I would suggest you to look for other reasons. If isoflurane is this toxic, it will not be approved for any animal use.


According to a quick Pubmed search, there's some evidence that halothane anesthesia can induce apoptosis of immune cells. A few papers you may want to take a look at:
Vet Res Commun. 2008 Dec;32(8):619-26
J Appl Genet. 2005;46(3):319-24
Int J Immunopharmacol. 1997 Nov-Dec;19(11-12):699-707

Another option for anesthesia could be intraperotineal avertin. There's precedent for using cells from rats sacrificed this way for EP. Check out:
Nature Protocols 2007 Vol. 2 No. 1 pp. 152-160

Good luck


Is it not possible to draw a blood sample before anesthesia? Or is this the purpose of the study?
One thing I found helpful is diluting the blood sample 1:1 with PBS to increase fluidity of sample.
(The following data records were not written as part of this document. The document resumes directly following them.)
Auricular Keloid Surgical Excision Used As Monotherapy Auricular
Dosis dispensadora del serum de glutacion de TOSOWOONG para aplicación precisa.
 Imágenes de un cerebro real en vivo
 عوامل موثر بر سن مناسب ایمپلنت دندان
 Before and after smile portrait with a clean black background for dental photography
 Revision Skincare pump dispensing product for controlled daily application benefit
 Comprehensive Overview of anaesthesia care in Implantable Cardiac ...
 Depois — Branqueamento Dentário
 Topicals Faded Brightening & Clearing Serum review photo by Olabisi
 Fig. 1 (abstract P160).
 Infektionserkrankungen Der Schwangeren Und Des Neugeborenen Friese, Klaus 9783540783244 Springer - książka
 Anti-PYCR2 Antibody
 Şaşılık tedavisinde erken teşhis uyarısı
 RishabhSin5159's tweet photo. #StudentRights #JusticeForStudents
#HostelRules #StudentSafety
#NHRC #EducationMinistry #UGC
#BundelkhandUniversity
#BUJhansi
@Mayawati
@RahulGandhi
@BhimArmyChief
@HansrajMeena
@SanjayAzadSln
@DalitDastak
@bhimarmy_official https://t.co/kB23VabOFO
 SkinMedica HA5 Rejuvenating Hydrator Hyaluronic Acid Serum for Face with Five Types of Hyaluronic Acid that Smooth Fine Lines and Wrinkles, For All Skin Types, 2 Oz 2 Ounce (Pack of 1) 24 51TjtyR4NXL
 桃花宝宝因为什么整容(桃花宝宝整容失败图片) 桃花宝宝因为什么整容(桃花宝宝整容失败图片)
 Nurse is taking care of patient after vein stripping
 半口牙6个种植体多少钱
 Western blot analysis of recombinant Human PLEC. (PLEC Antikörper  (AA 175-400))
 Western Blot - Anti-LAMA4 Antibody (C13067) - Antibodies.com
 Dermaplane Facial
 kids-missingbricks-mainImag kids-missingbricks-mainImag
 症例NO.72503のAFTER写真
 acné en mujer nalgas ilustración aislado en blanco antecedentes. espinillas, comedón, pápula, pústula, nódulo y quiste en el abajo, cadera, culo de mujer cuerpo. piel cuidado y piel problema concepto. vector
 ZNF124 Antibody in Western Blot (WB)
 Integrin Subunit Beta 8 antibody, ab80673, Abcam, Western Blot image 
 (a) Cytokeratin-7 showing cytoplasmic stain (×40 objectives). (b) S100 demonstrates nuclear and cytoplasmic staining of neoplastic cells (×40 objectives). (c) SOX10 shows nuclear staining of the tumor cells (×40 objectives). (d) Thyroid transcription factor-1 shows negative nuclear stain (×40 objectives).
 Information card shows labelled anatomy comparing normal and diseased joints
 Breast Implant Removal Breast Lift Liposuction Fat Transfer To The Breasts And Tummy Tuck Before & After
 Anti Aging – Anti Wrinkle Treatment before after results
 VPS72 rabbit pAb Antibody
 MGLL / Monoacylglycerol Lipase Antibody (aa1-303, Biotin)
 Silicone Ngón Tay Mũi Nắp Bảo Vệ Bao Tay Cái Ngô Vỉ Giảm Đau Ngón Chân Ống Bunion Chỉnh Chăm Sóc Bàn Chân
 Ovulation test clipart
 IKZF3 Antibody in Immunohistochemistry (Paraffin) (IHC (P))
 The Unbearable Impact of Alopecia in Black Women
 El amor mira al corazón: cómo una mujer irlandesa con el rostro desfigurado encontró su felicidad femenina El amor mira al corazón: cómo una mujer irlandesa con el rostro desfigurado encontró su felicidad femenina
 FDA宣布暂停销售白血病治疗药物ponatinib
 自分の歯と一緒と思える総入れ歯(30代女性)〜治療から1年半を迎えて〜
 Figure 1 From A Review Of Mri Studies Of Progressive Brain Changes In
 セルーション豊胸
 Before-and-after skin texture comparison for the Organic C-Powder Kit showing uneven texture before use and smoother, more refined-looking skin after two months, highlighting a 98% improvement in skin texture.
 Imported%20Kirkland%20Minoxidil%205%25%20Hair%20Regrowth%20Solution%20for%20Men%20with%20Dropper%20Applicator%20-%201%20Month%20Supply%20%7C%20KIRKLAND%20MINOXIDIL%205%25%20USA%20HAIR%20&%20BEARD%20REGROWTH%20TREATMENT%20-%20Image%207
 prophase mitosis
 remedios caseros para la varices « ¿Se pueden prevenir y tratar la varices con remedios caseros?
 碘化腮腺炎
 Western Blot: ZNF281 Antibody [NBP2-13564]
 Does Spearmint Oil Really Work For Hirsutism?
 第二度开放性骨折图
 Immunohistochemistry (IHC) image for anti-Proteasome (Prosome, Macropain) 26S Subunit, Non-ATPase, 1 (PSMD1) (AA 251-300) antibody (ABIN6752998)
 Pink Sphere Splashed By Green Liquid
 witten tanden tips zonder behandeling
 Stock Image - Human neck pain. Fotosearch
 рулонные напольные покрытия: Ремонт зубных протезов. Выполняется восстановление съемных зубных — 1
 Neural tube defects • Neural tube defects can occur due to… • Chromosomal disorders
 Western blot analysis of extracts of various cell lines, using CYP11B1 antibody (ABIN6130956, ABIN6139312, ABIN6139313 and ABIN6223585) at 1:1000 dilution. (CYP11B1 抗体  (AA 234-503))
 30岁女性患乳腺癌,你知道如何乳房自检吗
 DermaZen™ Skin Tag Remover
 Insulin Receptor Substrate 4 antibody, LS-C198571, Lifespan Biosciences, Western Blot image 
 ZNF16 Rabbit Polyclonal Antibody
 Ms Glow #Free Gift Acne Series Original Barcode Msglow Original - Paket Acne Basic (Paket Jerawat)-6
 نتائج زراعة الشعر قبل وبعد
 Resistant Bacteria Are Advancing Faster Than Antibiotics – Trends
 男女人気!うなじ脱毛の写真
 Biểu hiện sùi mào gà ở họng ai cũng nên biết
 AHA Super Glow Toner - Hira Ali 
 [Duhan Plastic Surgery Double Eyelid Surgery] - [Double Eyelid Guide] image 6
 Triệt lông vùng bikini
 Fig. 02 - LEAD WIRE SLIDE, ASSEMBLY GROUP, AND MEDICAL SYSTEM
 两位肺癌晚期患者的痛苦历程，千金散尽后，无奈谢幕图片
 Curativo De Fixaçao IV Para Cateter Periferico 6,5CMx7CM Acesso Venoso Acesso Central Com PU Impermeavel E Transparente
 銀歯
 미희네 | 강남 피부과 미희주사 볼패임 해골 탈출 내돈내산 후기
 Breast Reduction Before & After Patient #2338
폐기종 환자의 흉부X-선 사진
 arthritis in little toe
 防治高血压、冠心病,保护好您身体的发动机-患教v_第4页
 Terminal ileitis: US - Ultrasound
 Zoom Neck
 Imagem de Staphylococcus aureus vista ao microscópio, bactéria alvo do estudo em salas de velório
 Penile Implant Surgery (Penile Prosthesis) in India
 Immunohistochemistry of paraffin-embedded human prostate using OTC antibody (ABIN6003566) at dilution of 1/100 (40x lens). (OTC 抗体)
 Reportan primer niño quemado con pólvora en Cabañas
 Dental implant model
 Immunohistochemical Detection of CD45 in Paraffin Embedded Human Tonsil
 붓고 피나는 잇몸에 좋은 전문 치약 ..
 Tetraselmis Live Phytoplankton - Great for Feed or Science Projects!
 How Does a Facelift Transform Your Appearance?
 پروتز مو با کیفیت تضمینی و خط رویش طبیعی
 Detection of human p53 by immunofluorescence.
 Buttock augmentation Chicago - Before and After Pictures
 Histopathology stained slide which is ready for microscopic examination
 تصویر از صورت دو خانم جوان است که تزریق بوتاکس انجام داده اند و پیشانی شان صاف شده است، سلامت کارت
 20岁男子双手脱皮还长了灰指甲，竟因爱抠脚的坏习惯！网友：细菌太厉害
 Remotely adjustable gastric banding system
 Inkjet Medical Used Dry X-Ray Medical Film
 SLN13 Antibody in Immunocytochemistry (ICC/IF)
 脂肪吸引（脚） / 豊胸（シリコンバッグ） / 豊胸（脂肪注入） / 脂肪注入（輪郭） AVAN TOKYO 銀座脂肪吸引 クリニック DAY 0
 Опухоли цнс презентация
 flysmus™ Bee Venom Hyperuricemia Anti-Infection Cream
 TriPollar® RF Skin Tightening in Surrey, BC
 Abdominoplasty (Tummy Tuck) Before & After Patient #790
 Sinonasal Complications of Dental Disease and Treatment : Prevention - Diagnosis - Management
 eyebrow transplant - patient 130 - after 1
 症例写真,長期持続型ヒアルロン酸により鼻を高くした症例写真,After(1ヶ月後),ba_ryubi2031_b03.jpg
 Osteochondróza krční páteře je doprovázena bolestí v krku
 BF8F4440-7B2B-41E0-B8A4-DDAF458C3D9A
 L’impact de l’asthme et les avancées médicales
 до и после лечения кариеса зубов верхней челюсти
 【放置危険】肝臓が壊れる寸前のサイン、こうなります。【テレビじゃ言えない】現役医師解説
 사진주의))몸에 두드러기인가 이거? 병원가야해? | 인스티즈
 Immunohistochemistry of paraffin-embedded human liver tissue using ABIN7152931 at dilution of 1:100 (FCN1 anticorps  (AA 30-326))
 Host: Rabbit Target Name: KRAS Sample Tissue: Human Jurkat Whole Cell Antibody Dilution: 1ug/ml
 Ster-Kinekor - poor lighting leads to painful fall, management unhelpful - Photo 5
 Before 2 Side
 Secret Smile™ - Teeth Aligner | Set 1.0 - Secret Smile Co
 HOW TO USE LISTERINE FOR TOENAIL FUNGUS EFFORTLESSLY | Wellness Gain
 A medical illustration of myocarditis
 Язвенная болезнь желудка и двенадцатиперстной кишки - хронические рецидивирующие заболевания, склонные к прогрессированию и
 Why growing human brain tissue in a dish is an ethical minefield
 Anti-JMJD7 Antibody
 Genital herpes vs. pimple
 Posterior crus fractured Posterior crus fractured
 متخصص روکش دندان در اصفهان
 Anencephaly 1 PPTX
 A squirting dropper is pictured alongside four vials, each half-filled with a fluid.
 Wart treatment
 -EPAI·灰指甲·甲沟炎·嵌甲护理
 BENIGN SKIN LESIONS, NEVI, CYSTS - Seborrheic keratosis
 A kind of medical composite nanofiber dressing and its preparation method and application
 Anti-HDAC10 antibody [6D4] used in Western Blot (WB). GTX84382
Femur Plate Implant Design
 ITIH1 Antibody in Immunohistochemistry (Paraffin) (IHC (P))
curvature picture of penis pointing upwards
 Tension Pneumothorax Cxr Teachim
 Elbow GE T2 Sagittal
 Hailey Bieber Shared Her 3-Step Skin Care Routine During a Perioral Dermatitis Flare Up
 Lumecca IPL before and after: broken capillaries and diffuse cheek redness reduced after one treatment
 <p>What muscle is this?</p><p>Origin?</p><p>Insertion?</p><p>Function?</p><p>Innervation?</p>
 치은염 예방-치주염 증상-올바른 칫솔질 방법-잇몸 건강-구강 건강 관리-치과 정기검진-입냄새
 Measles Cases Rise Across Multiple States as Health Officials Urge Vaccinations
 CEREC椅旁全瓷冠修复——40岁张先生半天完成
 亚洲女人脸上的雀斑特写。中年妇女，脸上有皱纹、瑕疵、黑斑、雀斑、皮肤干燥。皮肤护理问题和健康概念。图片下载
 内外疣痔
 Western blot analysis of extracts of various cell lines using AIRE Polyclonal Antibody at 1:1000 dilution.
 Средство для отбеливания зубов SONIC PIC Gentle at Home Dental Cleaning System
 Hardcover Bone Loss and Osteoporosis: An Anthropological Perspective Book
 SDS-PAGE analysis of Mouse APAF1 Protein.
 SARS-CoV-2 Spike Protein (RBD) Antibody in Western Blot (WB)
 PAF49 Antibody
We use isofluorane to anesthetize mice then do retroorbital eyebleeds to obtain blood for our flow cytometry experiments. I suppose this is different that what you are doing though.


Isolflurane is used in pediatrics for anesthesia and is much more forgiving than Halothane in my experience. They are certainly not the same drug in reference to that apoptosis article. I know this sounds silly but make sure your PBS is 1X. Last week our lab's undergrad was prepping our EDTA/PBS solution that kept yielding horrible viabilities on the sorter. Sure enough she hadn't noticed the small 10X on the container.